It is like a game of Jenga, trying to update or exchange a brick of the system often results in complete collaps of the stack. This creates a situation were "never change the running system" seems the better option then taking the risk of updating and to be locked out from a working system for hours or days.
The challenge increases if multiple users are on the system and/or different frameworks are needed to be installed as for example Tensorflow 1.15 relies on CUDA 10.0 but Pytorch 1.4 is available for CUDA 10.1 or CUDA 9.2, what a mess.
A working GPU deep learning setup relies on the:
- OS version
- NVIDIA driver version
- CUDA version
- CuDNN version
- Additional CUDA libraries and their version
- Python version
- Python packages and their required system libraries
There are some approaches which try to help with this problem:
Conda
The more advanced version of Pythons venv. It helps with setting up a virtual environment for your Python packages and also takes in account the required system libraries (apt packages). There are, to some extent, deep learning framework versions for different CUDA versions available for Conda.
pros
- more powerful then Python venv
- nice for switching among different Python package setups for different projects which rely on compatible deep learning framework versions
- well supported by PyTorch
cons
- not well supported by all major deep learning frameworks
- stuck when different system libraries or driver version are needed
Virtual Machines
The all-round solution for multi user and multi version abstraction problems. Setup a virtual machine for each user, deep learning framework or project.
pros
- safest option to separate different users and framework setups
- dedicated resource management possible
cons
- only available for GPUs that have virtual machine driver support (Tesla, Quadro)
- very resource intensive
- to some extent performance losses
- expensive to maintain
Docker
The next generation of virtualization are containers as provided by Docker. Only as much as required and as little as necessary is virtualized. All required resources are bundled in so-called containers, which can have installed a completely different version stack than the host system. There are interfaces for interacting from the container directly with the host system.
pros
- leaner than complete virtual machines
- Docker container available for most deep learning frameworks
- works on all NVIDIA GPUs
- bare metal performane
- very flexible in use and configration
cons
- hard to get started, there are not many conventions how to use Docker 'correctly'
- can get messy and confusing without conventions
- no built in multi user features
AIME machine learning container management system
Easily install, run and manage Docker containers for the most common deep learning frameworks.
Features
- Setup and run a specific version of Tensorflow, Pytorch or Mxnet with one simple command
- Run different versions of machine learning frameworks and required libraries in parallel
- manages required libraries (CUDA, CUDNN, CUBLAS, etc.) in containers, without compromising the host installation
- Clear separation of user code and framework installation, test your code with a different framework version in minutes
- multi session: open and run many shell session on a single container simultaneously
- multi user: separate container space for each user
- multi GPU: allocate GPUs per user, container or session
- Runs with the same performance as a bare metal installation
- Repository of all major deep learning framework versions as containers
So how does it work?
Read the essential commands to get you through the complete tasks of creating, opening, starting/stopping and deleting your own machine learning containers.

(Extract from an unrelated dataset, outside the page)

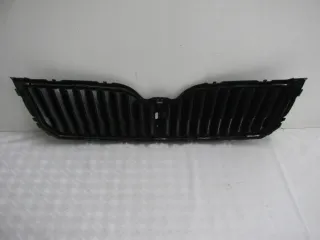3T0853668B Решетка радиатора Skoda Superb 2 Арт e5648583, вид 2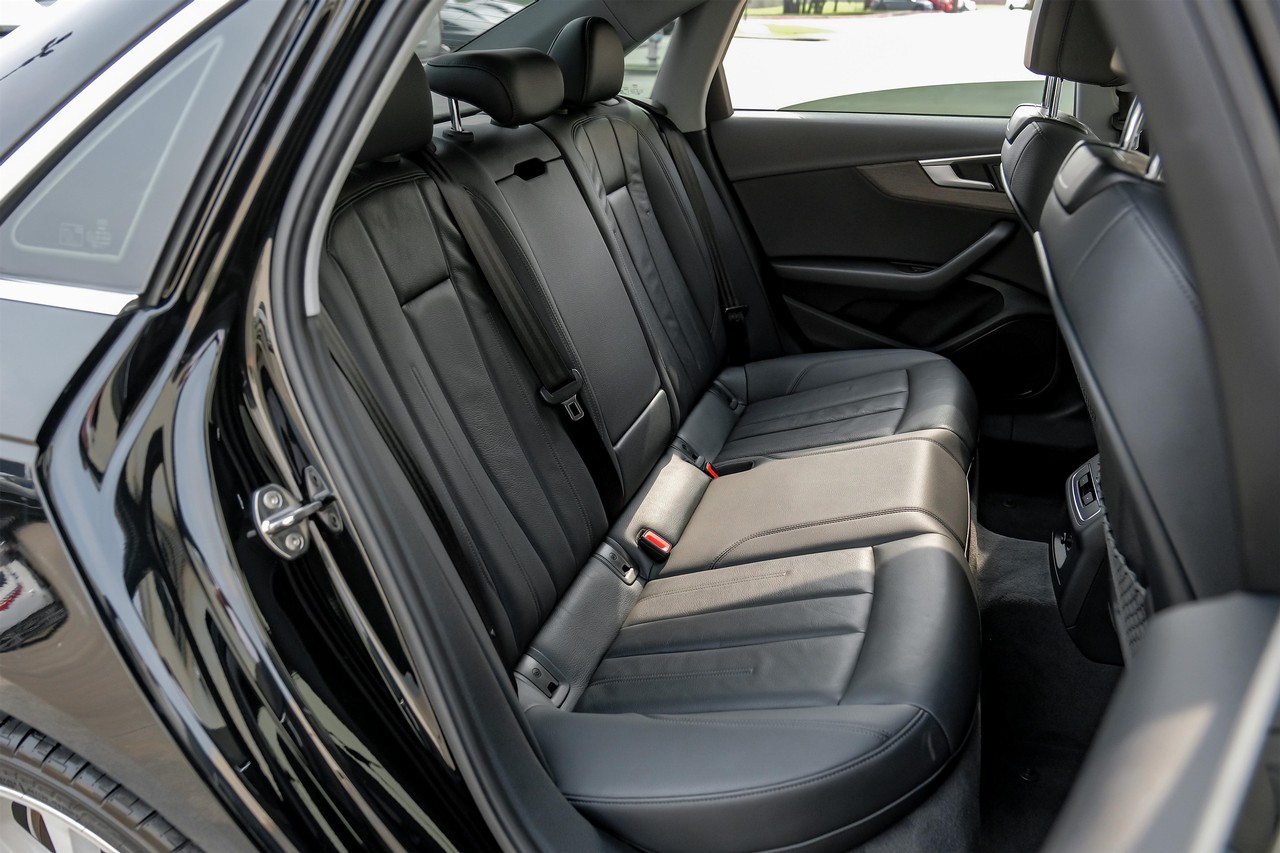 Audi A4 Vehicle Main Gallery Image 39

Create a machine learning container
mlc-create container_name framework version [-w=workspace]
Create a new machine learning container
Available frameworks and versions:
Pytorch: 2.3.0, 2.2.2, 2.2.1, 2.2.0, 2.1.2, 2.1.0, 2.0.1, 2.0.0, 1.13.1, 1.13.0, 1.12.1-jlab, 1.12.1, 1.12.0, 1.11.0, 1.10.2-aime, 1.10.0, 1.9.0, 1.8.0, 1.7.1, 1.7.0, 1.7.0-nvidia
Tensorflow: 2.14.0, 2.13.1, 2.13.0, 2.12.0, 2.11.0, 2.10.1, 2.10.0, 2.9.2-jlab, 2.9.0, 2.8.0, 2.7.0, 2.6.1, 2.5.0, 2.4.1, 2.4.0, 2.3.1-nvidia, 1.15.4-nvidia
MXNet: 1.8.0-nvidia
Example to create a container with the name 'my-container' as Tensorflow 1.15.0 with mounted user home directory as workspace use:
> mlc-create my-container Tensorflow 1.15.0 -w=/home/admin
Open a machine learning container
mlc-open container_name
To open the created machine learning container "my-container"
> mlc-open my-container
Will output:
[my-container] starting container
[my-container] opening shell to container
________ _______________
___ __/__________________________________ ____/__ /________ __
__ / _ _ \_ __ \_ ___/ __ \_ ___/_ /_ __ /_ __ \_ | /| / /
_ / / __/ / / /(__ )/ /_/ / / _ __/ _ / / /_/ /_ |/ |/ /
/_/ \___//_/ /_//____/ \____//_/ /_/ /_/ \____/____/|__/
You are running this container as user with ID 1000 and group 1000,
which should map to the ID and group for your user on the Docker host. Great!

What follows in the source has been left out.